:: What to produce ::
Using the data that follows, give again word for word the lines between the one holding "Quinta D'Amares Alvarinho" and the one holding "Telaio mountain bike - mountain, lapierre", inclusive. Omit the pictures.

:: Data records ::
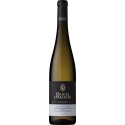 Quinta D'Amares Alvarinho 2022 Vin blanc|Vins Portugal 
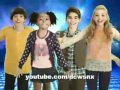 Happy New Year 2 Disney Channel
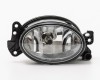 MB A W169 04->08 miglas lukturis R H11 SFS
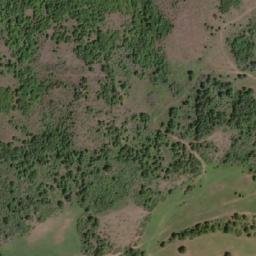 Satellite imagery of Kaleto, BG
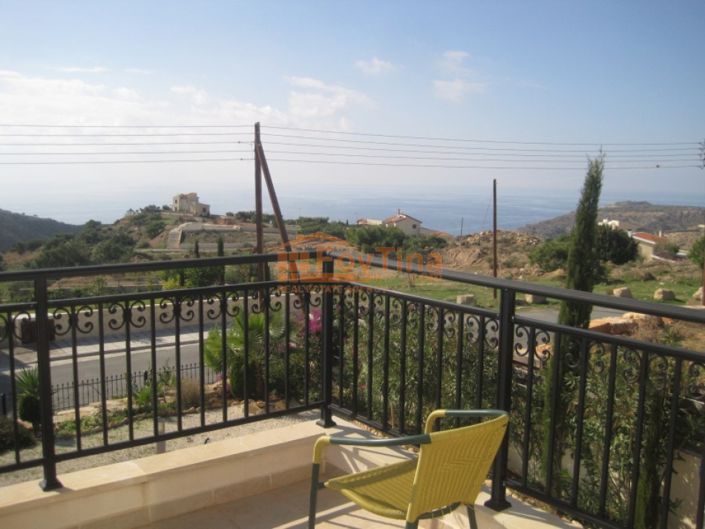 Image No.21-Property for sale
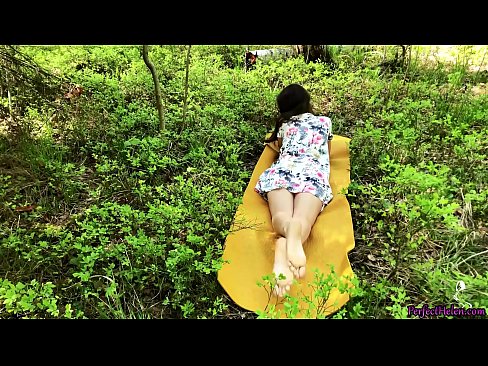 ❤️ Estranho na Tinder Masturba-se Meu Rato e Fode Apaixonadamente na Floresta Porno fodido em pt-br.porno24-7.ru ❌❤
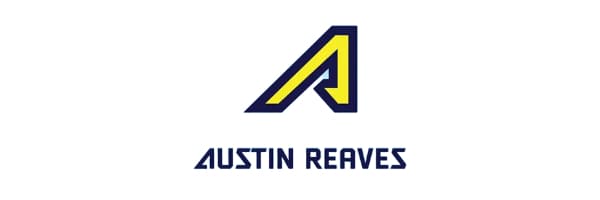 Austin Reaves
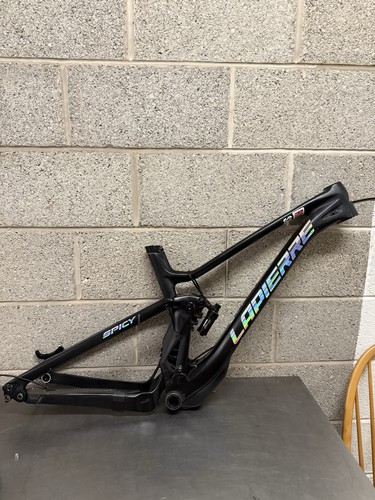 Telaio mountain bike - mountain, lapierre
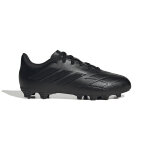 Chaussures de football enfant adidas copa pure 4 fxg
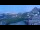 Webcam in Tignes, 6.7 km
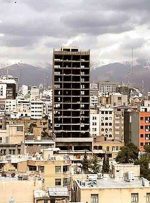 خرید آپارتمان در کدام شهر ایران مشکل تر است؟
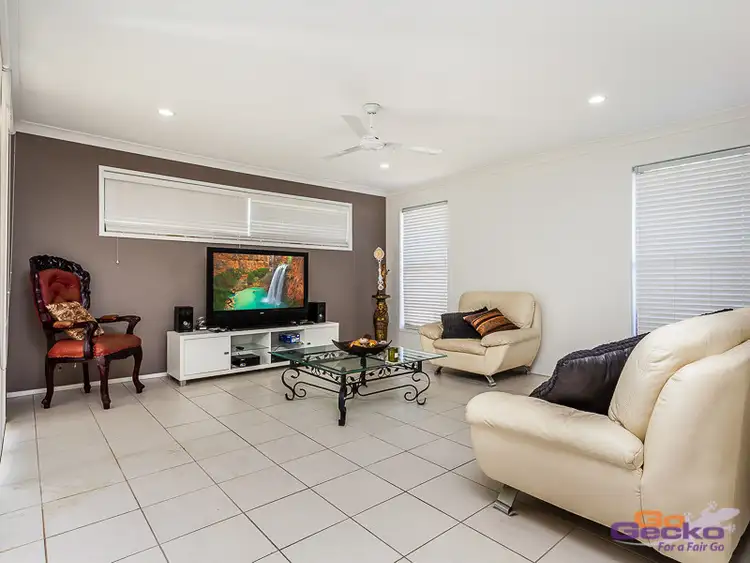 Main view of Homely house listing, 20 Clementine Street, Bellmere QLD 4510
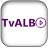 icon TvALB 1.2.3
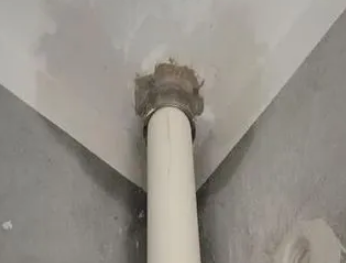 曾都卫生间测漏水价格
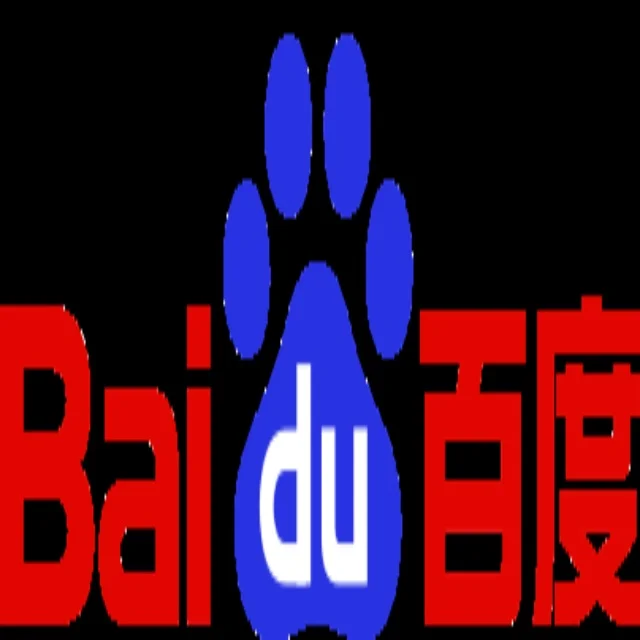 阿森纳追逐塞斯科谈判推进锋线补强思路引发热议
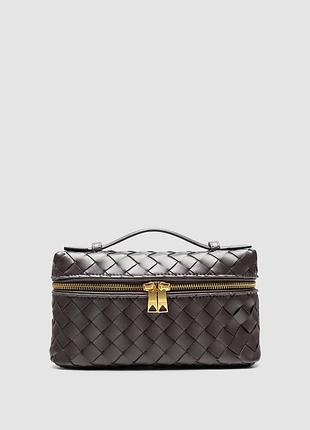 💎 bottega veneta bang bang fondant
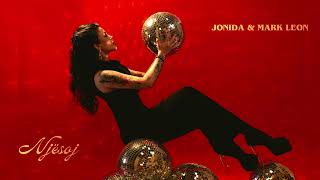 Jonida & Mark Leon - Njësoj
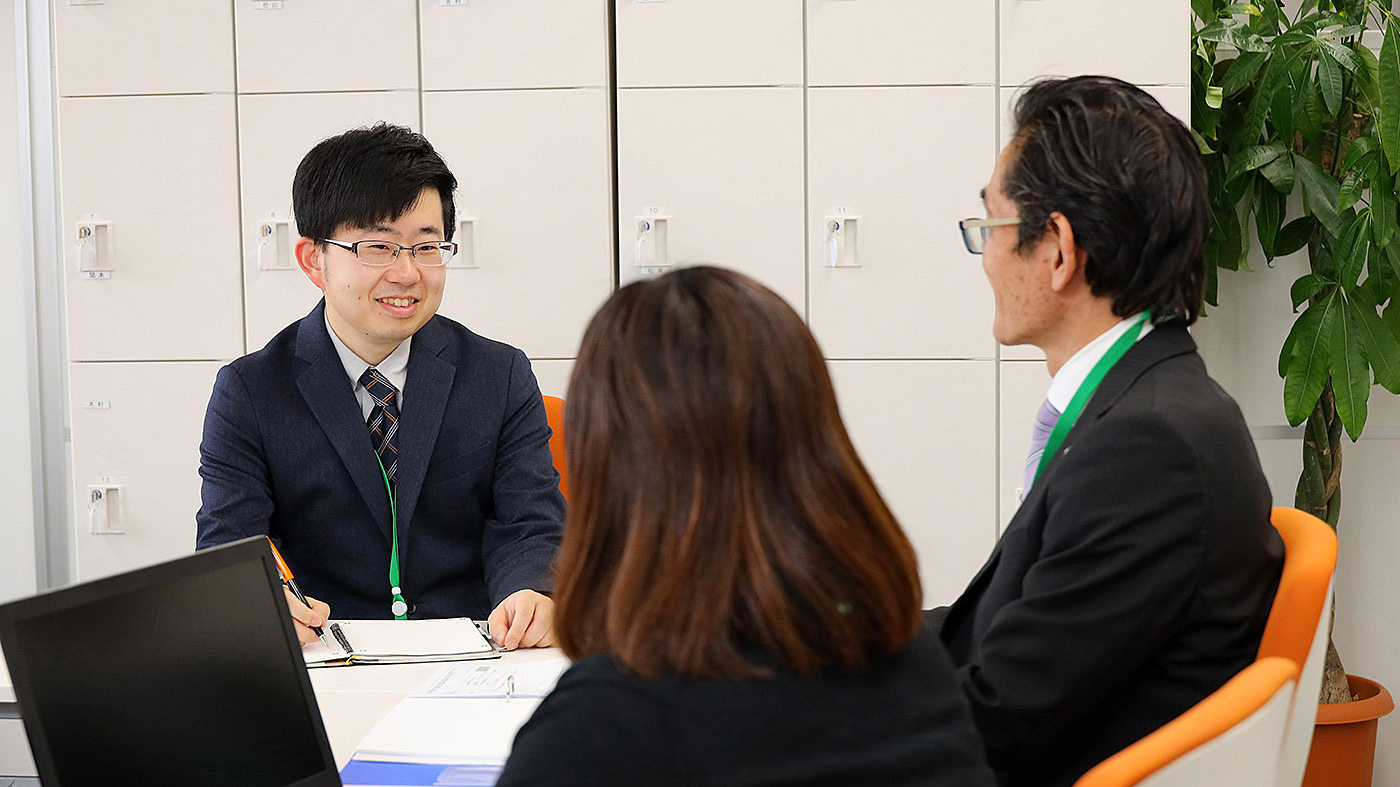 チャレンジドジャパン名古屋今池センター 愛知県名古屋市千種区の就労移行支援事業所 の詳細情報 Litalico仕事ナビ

* * *

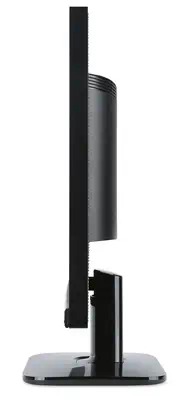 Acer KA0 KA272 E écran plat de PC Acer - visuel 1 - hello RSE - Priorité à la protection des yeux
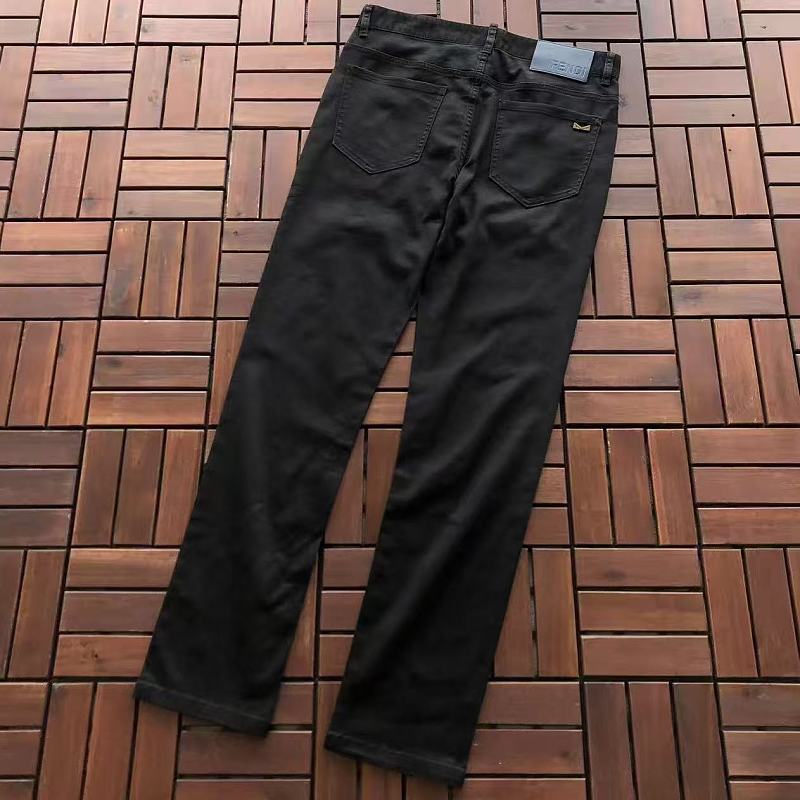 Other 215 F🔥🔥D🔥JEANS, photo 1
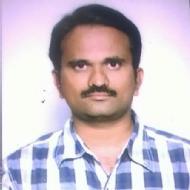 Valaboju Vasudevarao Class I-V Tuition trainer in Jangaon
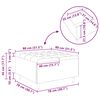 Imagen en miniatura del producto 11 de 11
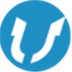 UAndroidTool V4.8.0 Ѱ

:: Result of this task ::
 Quinta D'Amares Alvarinho 2022 Vin blanc|Vins Portugal 
 Happy New Year 2 Disney Channel
 MB A W169 04->08 miglas lukturis R H11 SFS
 Satellite imagery of Kaleto, BG
 Image No.21-Property for sale
 ❤️ Estranho na Tinder Masturba-se Meu Rato e Fode Apaixonadamente na Floresta Porno fodido em pt-br.porno24-7.ru ❌❤
 Austin Reaves
 Telaio mountain bike - mountain, lapierre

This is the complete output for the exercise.